TASK DETAILS: Word for word, print out all of the data, omitting every image.

◇ ◇ ◇

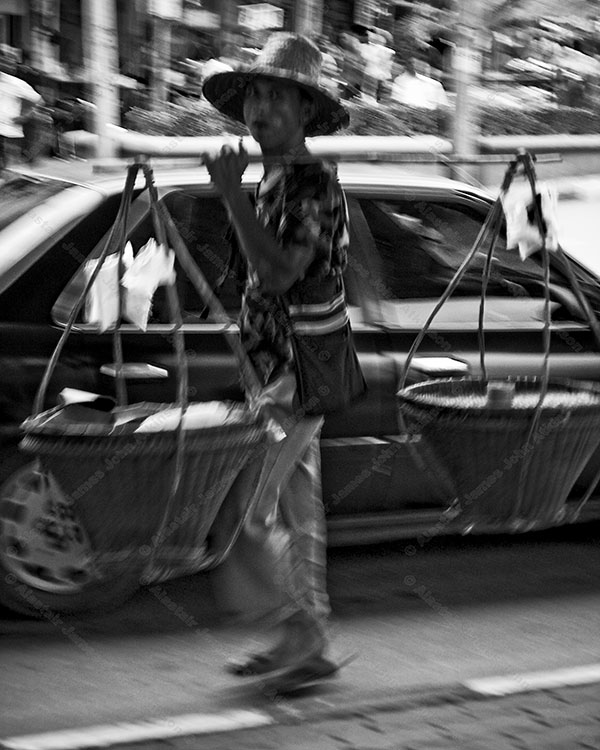 [Mobile+Vendor,+Bangkok.jpg]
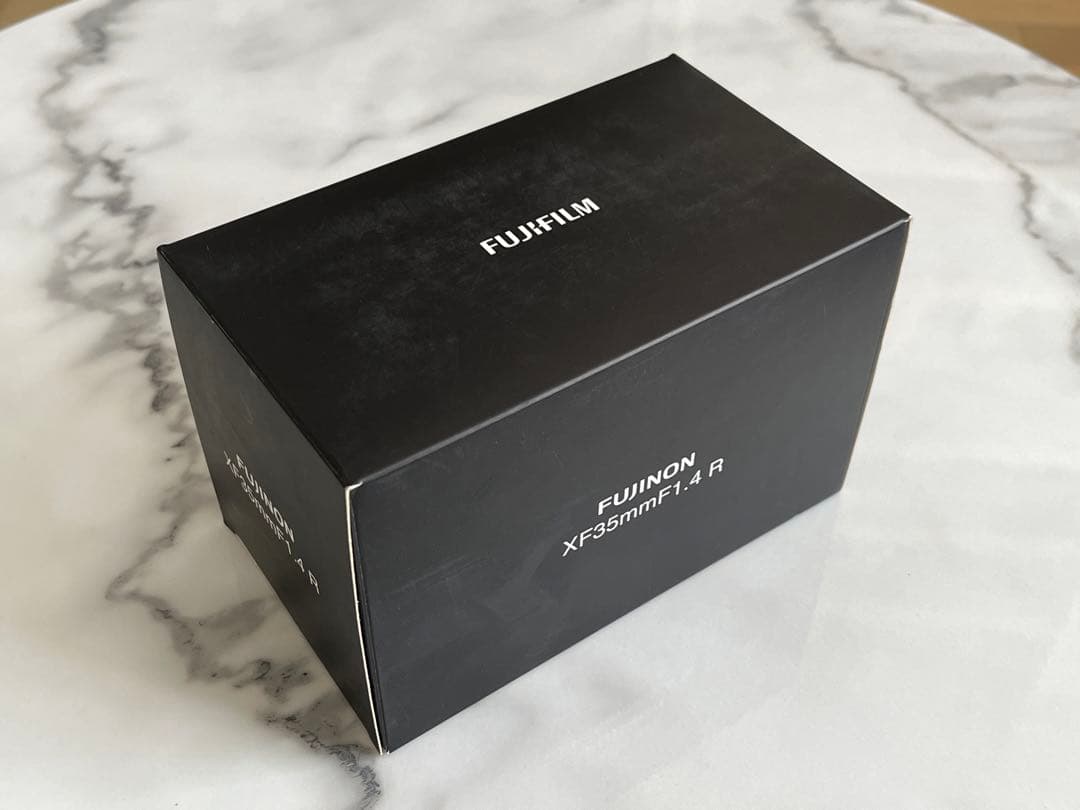 その他 FUJI FILM XF35F1.4 R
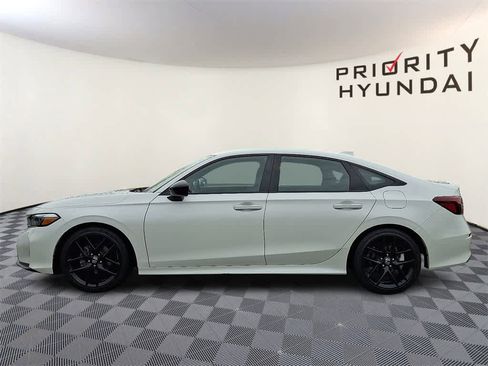 Used 2025 Honda Civic Sport image 7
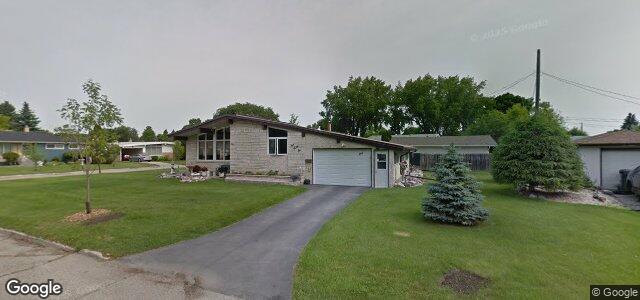 Larawan ng 141 Vryenhoek Crescent sa Winnipeg, Manitoba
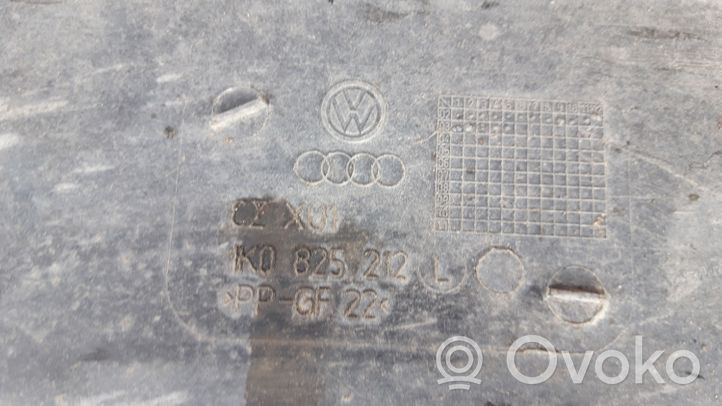 Volkswagen Touran I Doublure de caisse et protecteur de panneau arrière 1K0825272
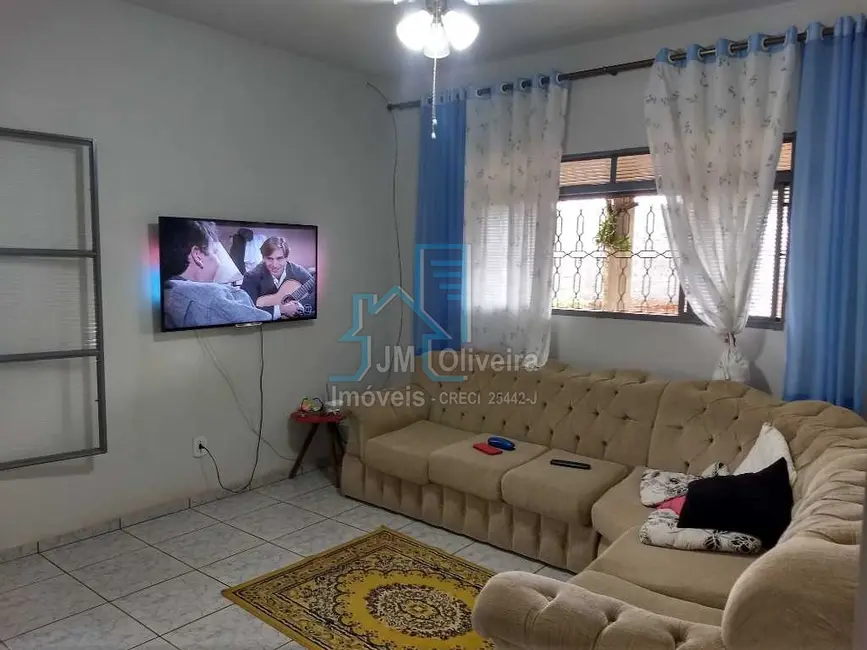 Casa com 3 quartos à venda, 160m2 em Vila Mazzei, Itapetininga - SP - imagem 3 Foto 3 de Casa com 3 quartos à venda, 160m2 em Vila Mazzei, Itapetininga - SP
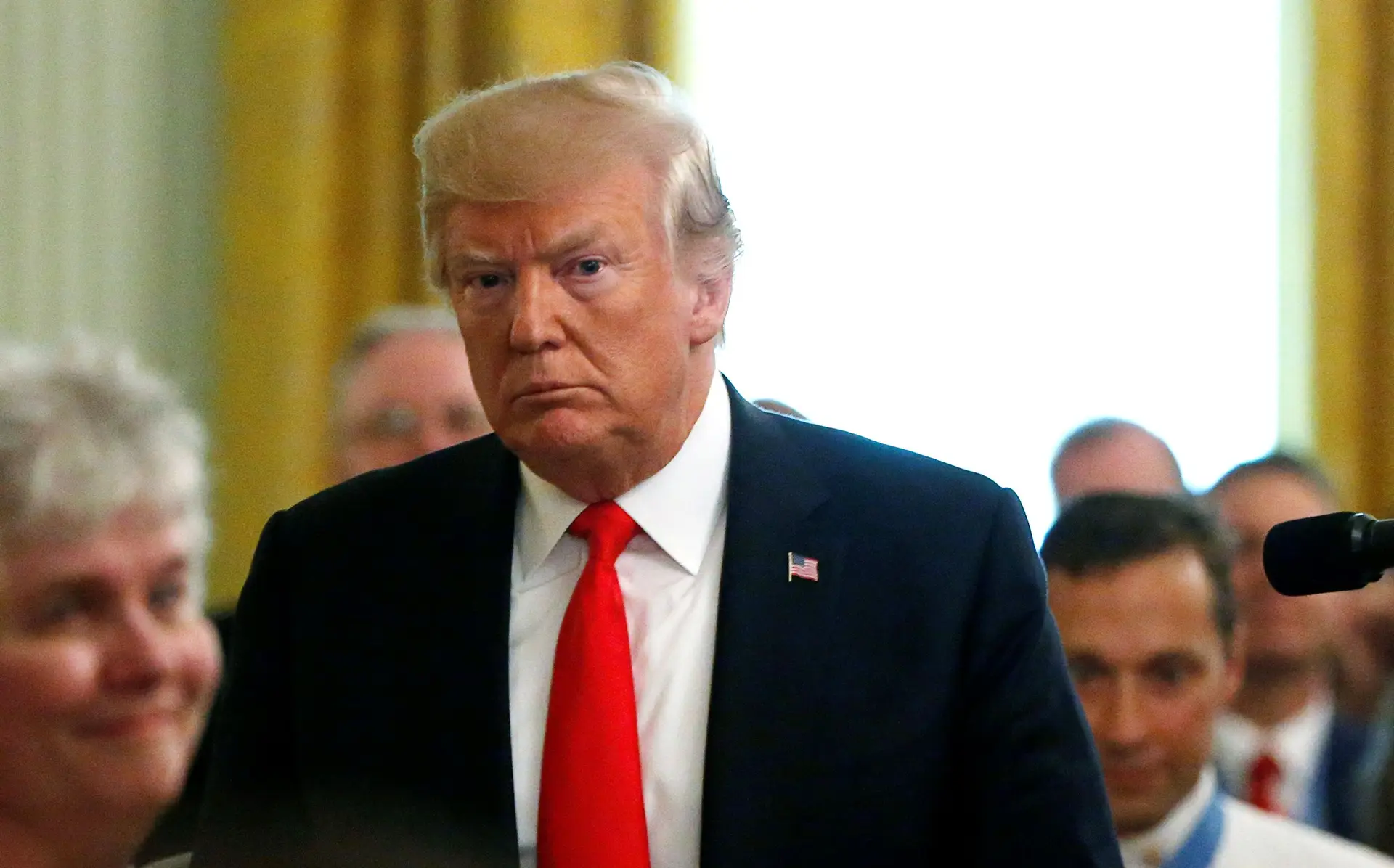 Trump diz que dinheiro para silenciar mulheres é dele e não da campanha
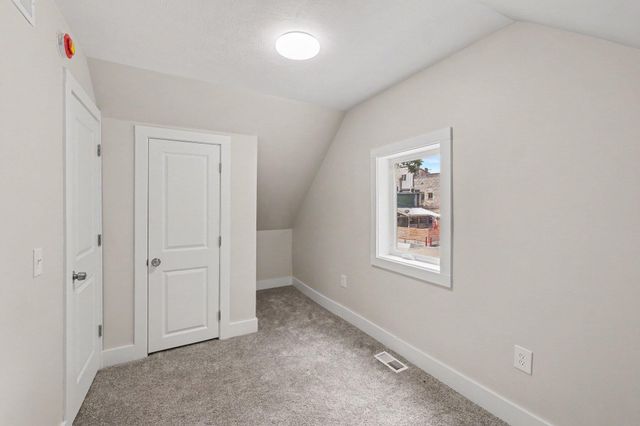 651 Mc Reynolds Avenue NW, Grand Rapids, MI 49504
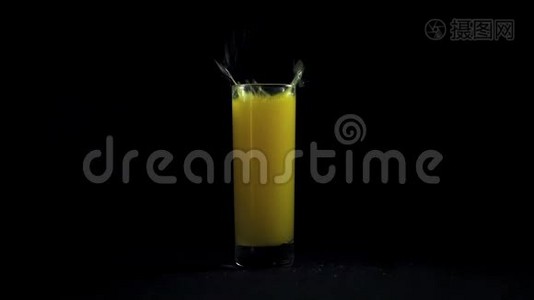 橙汁里落下的冰视频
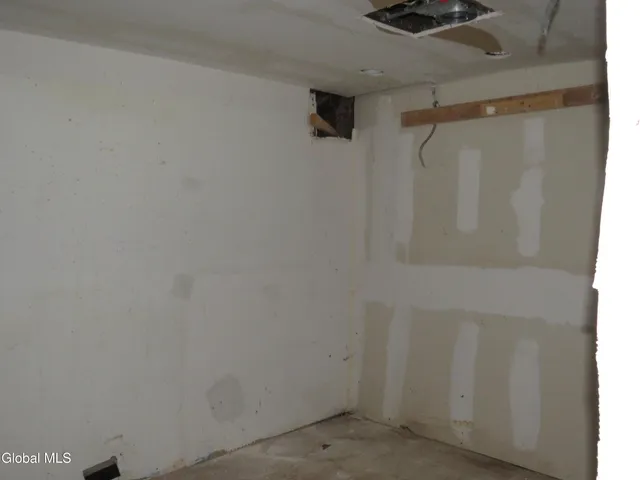 $124,900 | 221 Livingston Avenue, Albany, NY 12210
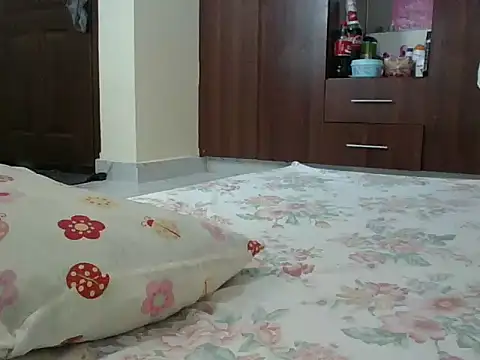 Snapshot of sweet-fancy chatting on October 28, 2025, 7:12 am sweet-fancy online show from October 28, 2025, 7:12 am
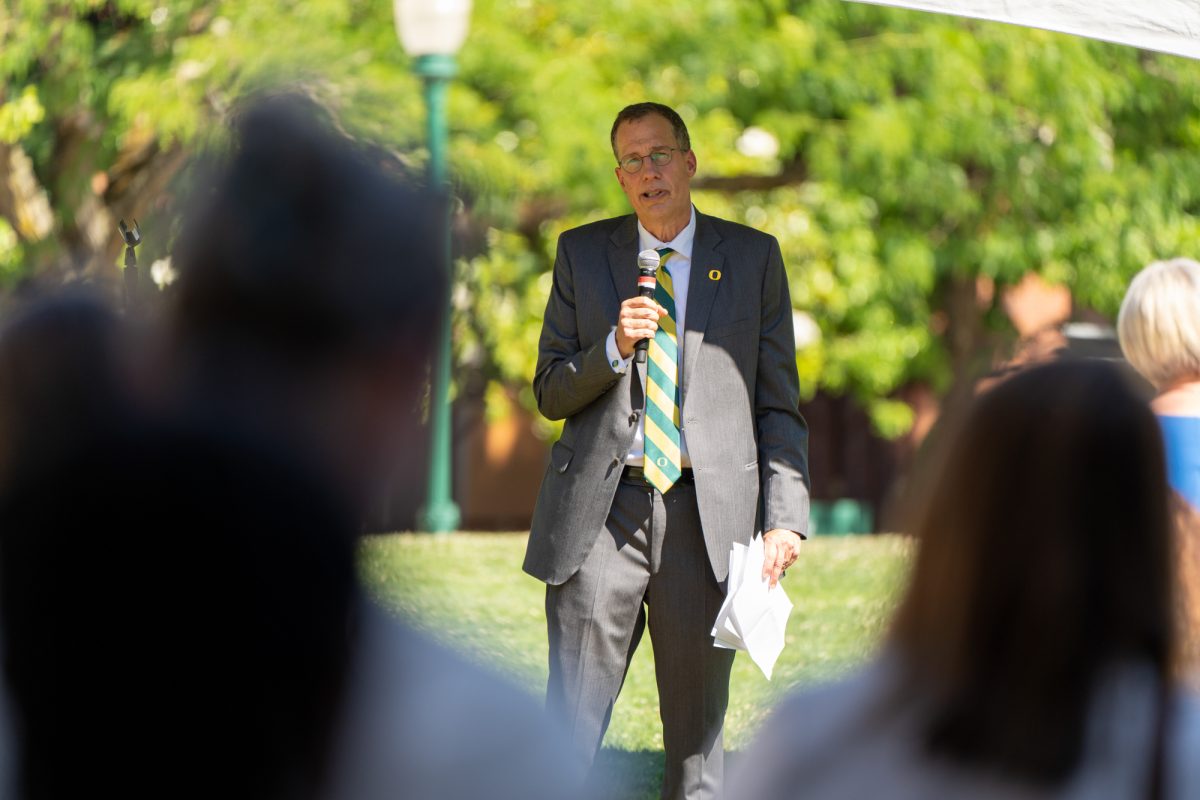 President Scholz gives remarks at the summer ice cream social. The University of Oregon hosted a meet-and-greet with President John Karl Scholz on July 12, 2023. (Nicholas Walcott/University Communications)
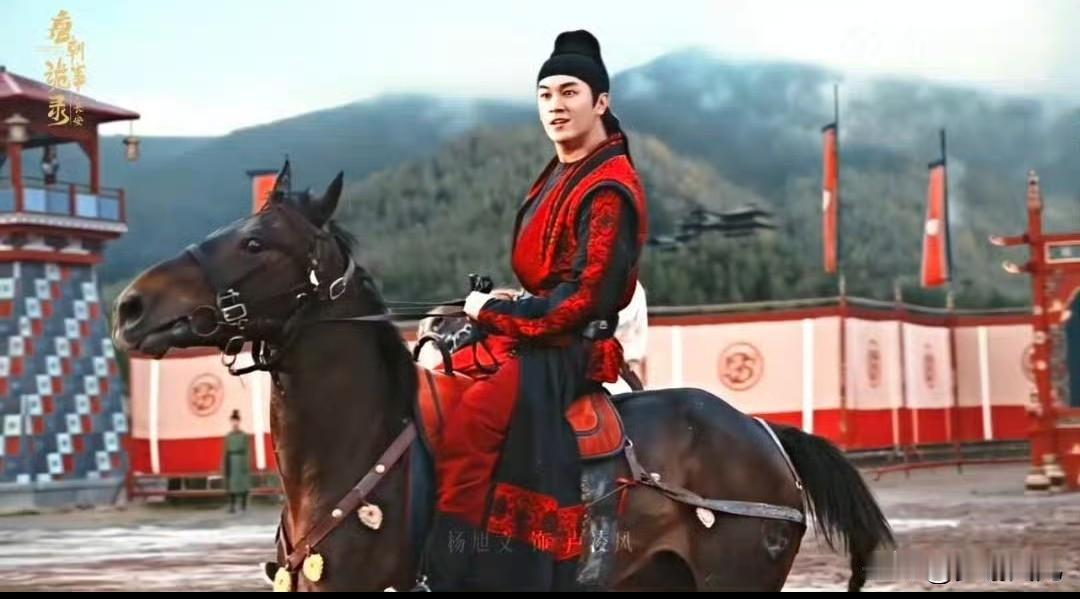 杨旭文在“盛世马球”一单元中，真是将少年意气的写意风流定格在了屏幕上。《唐朝诡事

◇ ◇ ◇

ANSWER TO THIS PROBLEM:
 [Mobile+Vendor,+Bangkok.jpg]
 その他 FUJI FILM XF35F1.4 R
 Used 2025 Honda Civic Sport image 7
 Larawan ng 141 Vryenhoek Crescent sa Winnipeg, Manitoba
 Volkswagen Touran I Doublure de caisse et protecteur de panneau arrière 1K0825272
 Casa com 3 quartos à venda, 160m2 em Vila Mazzei, Itapetininga - SP - imagem 3 Foto 3 de Casa com 3 quartos à venda, 160m2 em Vila Mazzei, Itapetininga - SP
 Trump diz que dinheiro para silenciar mulheres é dele e não da campanha
 651 Mc Reynolds Avenue NW, Grand Rapids, MI 49504
 橙汁里落下的冰视频
 $124,900 | 221 Livingston Avenue, Albany, NY 12210
 Snapshot of sweet-fancy chatting on October 28, 2025, 7:12 am sweet-fancy online show from October 28, 2025, 7:12 am
 President Scholz gives remarks at the summer ice cream social. The University of Oregon hosted a meet-and-greet with President John Karl Scholz on July 12, 2023. (Nicholas Walcott/University Communications)
 杨旭文在“盛世马球”一单元中，真是将少年意气的写意风流定格在了屏幕上。《唐朝诡事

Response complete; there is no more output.